Training Metrics (DecisionTreeRegressor):
Root Mean Squared Error: 2.09584
Mean Absolute Error: 1.54258

Test Metrics (DecisionTreeRegressor):
Root Mean Squared Error: 3.41111
Mean Absolute Error: 2.36398


## Performance Comparison

In [25]:
print("\nPerformance Comparison:\n")
print(f"Our Decision Tree - Train RMSE: {train_rmse_my:.5f}")
print(f"Our Decision Tree - Test RMSE: {test_rmse_my:.5f}")
print(f"Scikit-Learn Decision Tree - Train RMSE: {train_rmse:.5f}")
print(f"Scikit-Learn Decision Tree - Test RMSE: {test_rmse:.5f}")


Performance Comparison:

Our Decision Tree - Train RMSE: 3.56416
Our Decision Tree - Test RMSE: 3.67832
Scikit-Learn Decision Tree - Train RMSE: 2.09584
Scikit-Learn Decision Tree - Test RMSE: 3.41111


Scikit-Learn’s Decision Tree shows stronger performance compared to our custom implementation.
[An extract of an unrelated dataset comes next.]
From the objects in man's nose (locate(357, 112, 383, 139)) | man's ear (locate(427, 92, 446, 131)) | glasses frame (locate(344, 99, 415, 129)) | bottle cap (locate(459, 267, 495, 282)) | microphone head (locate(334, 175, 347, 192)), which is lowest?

- **Training RMSE**: Custom = 3.5642, Scikit-Learn = 2.0958  
- **Test RMSE**: Custom = 3.6783, Scikit-Learn = 3.4111  

The Scikit-Learn model achieves lower errors on both training and test sets—likely due to optimized splitting strategies, pruning mechanisms, and more robust handling of edge cases.  
In contrast, our custom implementation shows signs of underfitting, with relatively higher errors across both datasets.  
Further refinement of our algorithm could help improve both fit and generalization.